Es ist Zeit, höchste Zeit für eine neue Bewegung der Mitmenschlichkeit und Liebe. Gerade weil der extreme nationale Egoismus von Orbán, Trump, Le Pen und AfD sich auch aus dem Versuch eines Rollbacks der 68er speist und zugleich die Werte unseres Zusammenlebens ähnlich bedroht wie das US-amerikanische Weltpolizistengehabe mit seiner barbarischen Zuspitzung im Vietnamkrieg, braucht es eine rebellische Jugend, die sich nicht zurückbeamen lässt in die heimattreue ausgrenzende Glückseligkeit eines Biedermeierstübchens.

Man muss sich dafür heutzutage gar nicht gemeinsam im Schlamm von Woodstock wälzen, irgendwer wird doch sicher eine App programmieren können, mit der man „Make Love, not AfD“ übers Smartphone oder Tablet praktizieren kann, so eine Art Tinder mit gesellschaftsveränderndem Anspruch. Ich finde zwar nach wie vor die reale Welt wichtiger als die virtuelle, aber man muss ja mit der Zeit gehen. Und in den sozialen Medien wäre wohl schon einiges erreicht, wenn man all den pöbelnden Trollen, die teils organisiert vorgehen, all den Verbreitern von Lügen, Halbwahrheiten, neudeutsch Fake News, all denen, die nichts als ihre Vor-urteile pflegen, ein wenig den Raum nähme mit Nachrichten der Liebe, der Mitmenschlichkeit, von gelungener Integration, praktischer Hilfe und der Verheißung, miteinander die Welt zum Guten verändern zu können.

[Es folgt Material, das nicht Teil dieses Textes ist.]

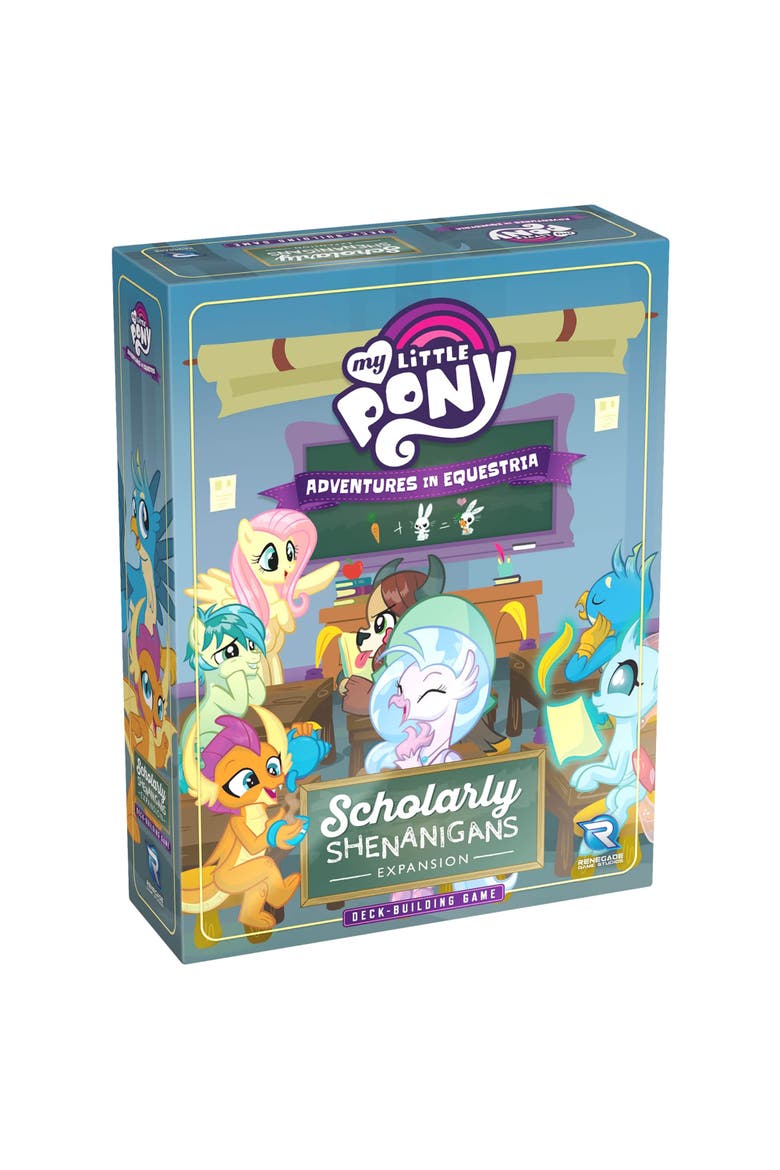 My Little Pony Deckbuilding Game Expansion, Main, color, Multicolored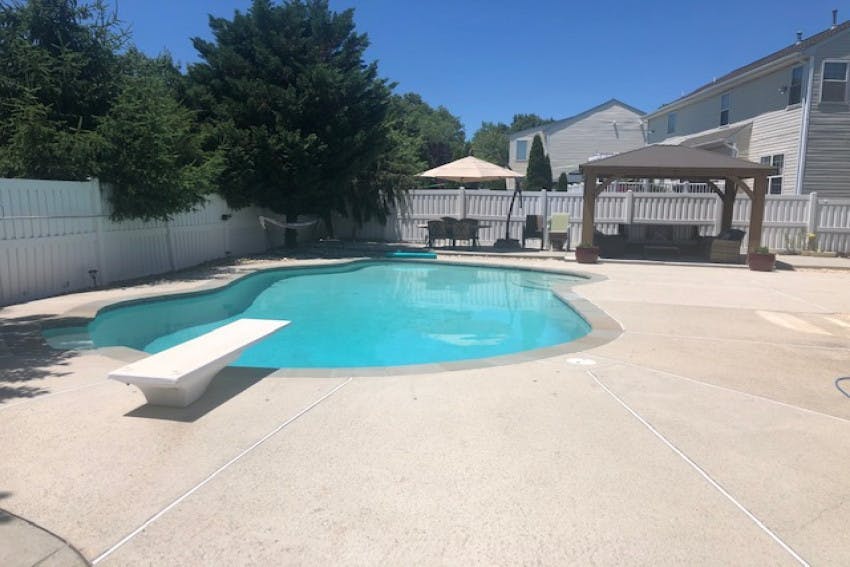 Private and Fun-In-Sun Pool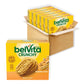 Belvita Golden Oat Breakfast Biscuits, 30 Total Packs, 6 Boxes (4 Biscuits Per Pack)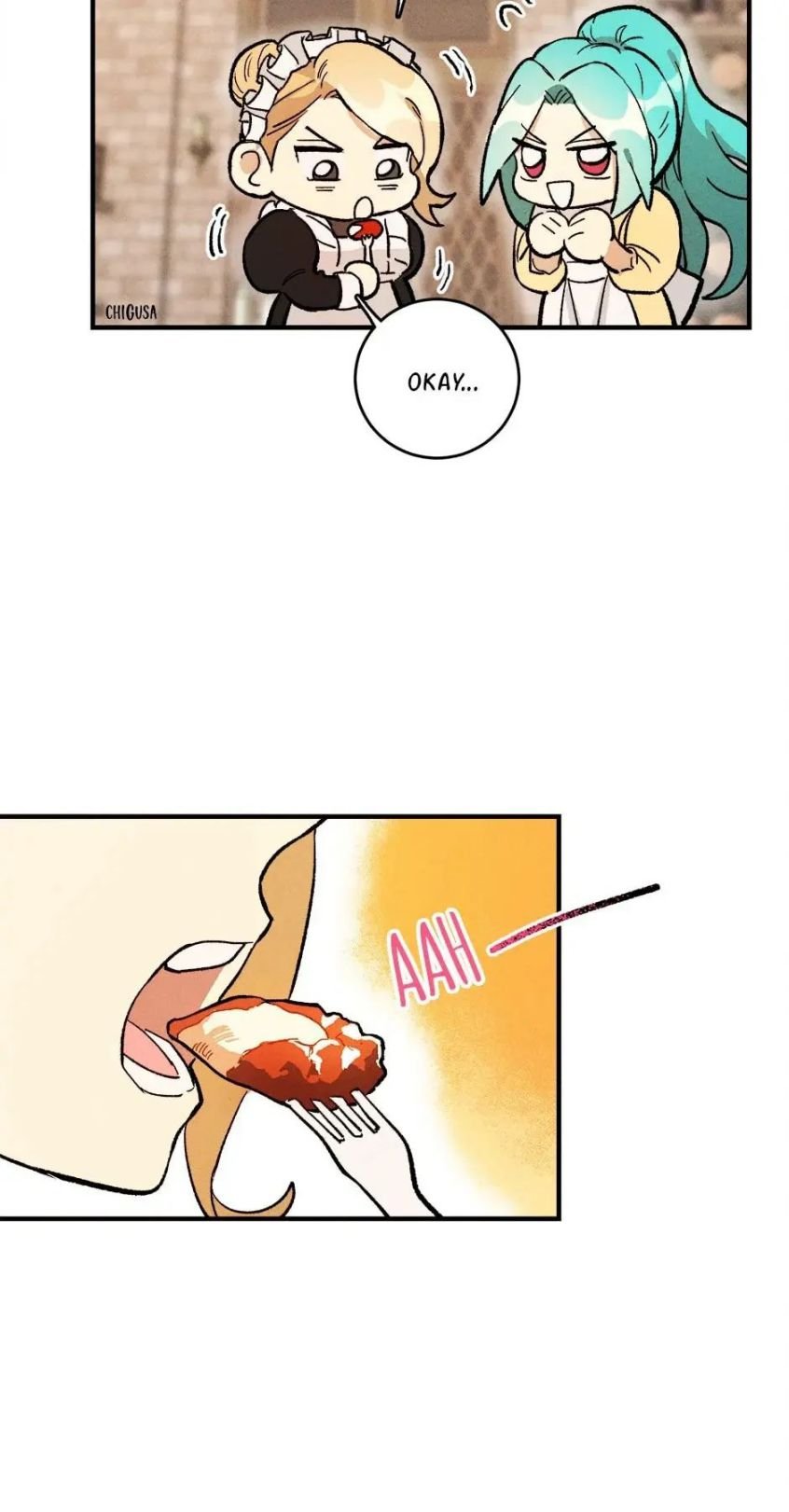 Royal Shop of Young Lady chapter 6 page 40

Vermutlich würde eine solche Bewegung nicht unmittelbar die aktuelle Politik verändern können, aber den Zeitgeist, das Gesellschaftsgefühl schon. Warum sollten die 18er nicht das können, was die 68er geschafft haben? In diesem Jahr jährt sich zum 100. Mal das Ende des Ersten Weltkriegs, mit Bildern und Erinnerungen könnte man der Renationalisierung mit all
ihren furchtbaren gewalttätigen, kriegerischen Auswüchsen auf ganz eigene Weise begegnen. Die neue Generation, die überwiegend eine europäische, eine weltoffene, eine selbst-bewusste ist, hat etwas zu verlieren. Sie wird zeigen müssen, dass und wie man dem entfesselten finanzmarktgetriebenen neoliberalen Kapitalismus Grenzen setzt, ohne die am meisten von der sozialen Spaltung der Welt Betroffenen in die Schranken ihrer Armut zu weisen.

Che Guevara sagte einst: „Solidarität ist die Zärtlichkeit der Völker.“ Eben. Make Love, not AfD.